▶ **What to work on**: Which lines in the records below include the word "Beautiful"? Report each of them in full.

▶ **Extracted data**:
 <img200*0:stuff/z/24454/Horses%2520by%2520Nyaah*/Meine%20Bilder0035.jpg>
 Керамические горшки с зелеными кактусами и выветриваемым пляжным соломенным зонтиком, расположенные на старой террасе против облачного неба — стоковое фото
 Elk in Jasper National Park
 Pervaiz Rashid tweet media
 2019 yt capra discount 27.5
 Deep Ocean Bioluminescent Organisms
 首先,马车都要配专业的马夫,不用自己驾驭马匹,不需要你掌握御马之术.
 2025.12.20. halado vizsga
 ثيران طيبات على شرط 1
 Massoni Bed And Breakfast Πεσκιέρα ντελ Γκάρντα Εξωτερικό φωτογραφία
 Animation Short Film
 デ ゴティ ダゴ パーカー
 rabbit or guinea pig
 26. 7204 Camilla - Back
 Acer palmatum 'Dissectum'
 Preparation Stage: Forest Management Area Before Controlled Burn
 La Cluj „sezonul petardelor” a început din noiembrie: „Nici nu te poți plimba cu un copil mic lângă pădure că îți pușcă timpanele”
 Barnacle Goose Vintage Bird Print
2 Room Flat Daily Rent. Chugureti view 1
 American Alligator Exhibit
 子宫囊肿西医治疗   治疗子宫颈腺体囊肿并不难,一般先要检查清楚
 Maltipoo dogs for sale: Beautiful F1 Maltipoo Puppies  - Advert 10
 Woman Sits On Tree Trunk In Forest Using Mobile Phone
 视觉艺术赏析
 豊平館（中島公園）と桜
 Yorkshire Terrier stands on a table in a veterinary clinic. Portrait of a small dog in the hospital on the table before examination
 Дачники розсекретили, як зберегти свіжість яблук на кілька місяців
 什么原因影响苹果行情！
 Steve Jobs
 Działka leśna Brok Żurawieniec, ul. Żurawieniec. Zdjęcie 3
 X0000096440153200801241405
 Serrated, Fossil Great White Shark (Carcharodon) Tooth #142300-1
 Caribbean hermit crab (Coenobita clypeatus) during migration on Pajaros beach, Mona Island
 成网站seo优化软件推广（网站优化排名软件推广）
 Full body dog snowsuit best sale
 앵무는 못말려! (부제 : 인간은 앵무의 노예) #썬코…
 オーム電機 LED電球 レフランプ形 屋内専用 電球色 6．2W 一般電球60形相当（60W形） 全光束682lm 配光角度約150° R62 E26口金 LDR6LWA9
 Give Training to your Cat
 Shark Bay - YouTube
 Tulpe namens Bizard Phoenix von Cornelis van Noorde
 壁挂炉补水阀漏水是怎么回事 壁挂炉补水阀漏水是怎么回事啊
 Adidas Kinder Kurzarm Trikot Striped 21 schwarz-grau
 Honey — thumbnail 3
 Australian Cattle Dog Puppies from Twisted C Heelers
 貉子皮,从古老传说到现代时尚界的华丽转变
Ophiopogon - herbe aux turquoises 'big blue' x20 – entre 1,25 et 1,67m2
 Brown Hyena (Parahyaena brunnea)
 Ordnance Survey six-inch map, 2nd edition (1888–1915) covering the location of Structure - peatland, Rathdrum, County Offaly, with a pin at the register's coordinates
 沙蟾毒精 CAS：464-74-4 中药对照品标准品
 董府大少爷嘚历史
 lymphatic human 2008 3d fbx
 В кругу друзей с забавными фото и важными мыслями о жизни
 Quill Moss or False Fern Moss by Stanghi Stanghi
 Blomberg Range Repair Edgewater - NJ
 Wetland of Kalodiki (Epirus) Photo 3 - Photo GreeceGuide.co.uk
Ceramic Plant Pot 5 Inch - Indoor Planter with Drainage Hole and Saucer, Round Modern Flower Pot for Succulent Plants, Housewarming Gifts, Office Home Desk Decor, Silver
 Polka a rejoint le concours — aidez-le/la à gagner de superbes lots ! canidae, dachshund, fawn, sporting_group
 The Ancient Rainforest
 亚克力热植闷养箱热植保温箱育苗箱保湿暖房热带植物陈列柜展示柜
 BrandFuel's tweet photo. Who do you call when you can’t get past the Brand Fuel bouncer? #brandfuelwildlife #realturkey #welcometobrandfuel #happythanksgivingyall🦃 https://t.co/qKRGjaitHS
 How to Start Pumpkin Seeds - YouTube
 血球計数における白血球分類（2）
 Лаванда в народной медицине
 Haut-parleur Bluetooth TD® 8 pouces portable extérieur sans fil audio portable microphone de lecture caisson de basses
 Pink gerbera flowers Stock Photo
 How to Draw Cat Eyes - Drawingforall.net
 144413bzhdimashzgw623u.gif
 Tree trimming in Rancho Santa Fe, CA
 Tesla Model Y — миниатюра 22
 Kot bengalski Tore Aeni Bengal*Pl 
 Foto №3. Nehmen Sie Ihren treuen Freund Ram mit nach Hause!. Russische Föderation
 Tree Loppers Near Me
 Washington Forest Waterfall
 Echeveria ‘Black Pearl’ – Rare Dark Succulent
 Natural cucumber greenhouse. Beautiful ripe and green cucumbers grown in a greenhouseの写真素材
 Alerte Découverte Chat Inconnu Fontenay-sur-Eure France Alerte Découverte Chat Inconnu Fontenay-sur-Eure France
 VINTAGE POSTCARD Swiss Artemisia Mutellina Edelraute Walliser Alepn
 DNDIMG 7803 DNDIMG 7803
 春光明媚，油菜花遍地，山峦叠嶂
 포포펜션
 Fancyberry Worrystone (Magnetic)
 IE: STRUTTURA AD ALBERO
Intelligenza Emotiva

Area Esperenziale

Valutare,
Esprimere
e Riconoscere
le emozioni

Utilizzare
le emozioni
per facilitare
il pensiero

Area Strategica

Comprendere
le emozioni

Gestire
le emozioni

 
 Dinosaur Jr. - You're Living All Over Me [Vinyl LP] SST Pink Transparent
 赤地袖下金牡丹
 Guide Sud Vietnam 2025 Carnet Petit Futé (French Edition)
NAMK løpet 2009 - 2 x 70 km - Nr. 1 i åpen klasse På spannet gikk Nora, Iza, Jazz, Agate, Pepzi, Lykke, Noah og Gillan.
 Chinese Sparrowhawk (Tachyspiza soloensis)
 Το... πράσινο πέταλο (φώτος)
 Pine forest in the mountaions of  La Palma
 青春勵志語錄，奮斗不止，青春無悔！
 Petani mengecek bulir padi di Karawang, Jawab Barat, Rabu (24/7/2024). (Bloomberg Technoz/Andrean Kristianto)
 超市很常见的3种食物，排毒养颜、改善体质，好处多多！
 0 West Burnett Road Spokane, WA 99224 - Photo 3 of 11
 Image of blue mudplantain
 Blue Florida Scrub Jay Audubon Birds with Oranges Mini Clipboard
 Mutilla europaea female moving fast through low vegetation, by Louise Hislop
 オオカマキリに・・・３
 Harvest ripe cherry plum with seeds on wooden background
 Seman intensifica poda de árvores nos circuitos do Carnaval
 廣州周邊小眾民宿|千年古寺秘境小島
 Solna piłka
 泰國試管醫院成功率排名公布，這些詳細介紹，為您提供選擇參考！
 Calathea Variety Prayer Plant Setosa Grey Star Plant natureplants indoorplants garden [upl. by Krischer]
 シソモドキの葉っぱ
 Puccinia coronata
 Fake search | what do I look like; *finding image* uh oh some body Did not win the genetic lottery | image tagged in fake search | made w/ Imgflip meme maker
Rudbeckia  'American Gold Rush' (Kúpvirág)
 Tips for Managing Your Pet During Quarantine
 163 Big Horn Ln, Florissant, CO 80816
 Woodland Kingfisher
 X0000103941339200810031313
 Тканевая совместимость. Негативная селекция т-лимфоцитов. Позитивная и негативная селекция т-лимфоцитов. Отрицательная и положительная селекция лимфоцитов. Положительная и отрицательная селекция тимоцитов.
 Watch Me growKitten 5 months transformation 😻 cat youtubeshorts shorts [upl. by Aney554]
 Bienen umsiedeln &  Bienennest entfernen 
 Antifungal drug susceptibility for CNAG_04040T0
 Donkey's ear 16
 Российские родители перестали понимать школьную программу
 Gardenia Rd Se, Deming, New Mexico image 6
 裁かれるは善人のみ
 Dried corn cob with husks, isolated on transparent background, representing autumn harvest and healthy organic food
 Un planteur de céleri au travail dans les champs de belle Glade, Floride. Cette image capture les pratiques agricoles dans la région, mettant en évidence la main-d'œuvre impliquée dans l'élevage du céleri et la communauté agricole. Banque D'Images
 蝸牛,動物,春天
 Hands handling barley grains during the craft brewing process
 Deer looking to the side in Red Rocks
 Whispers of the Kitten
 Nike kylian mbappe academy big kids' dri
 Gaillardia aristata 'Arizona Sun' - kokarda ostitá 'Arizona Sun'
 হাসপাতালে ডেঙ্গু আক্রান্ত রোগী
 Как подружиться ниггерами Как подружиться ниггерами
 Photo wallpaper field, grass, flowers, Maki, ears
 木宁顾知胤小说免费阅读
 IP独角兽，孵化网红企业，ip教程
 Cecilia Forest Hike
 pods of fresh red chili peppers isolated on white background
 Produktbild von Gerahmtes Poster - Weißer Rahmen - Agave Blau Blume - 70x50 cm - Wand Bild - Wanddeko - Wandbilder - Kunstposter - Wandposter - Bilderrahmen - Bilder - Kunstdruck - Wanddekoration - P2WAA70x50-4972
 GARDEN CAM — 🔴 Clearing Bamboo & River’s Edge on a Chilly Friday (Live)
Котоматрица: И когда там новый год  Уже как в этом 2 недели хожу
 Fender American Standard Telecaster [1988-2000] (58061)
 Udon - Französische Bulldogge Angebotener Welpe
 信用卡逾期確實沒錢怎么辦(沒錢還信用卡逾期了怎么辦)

▶ **Reply**:
 Maltipoo dogs for sale: Beautiful F1 Maltipoo Puppies  - Advert 10
 Natural cucumber greenhouse. Beautiful ripe and green cucumbers grown in a greenhouseの写真素材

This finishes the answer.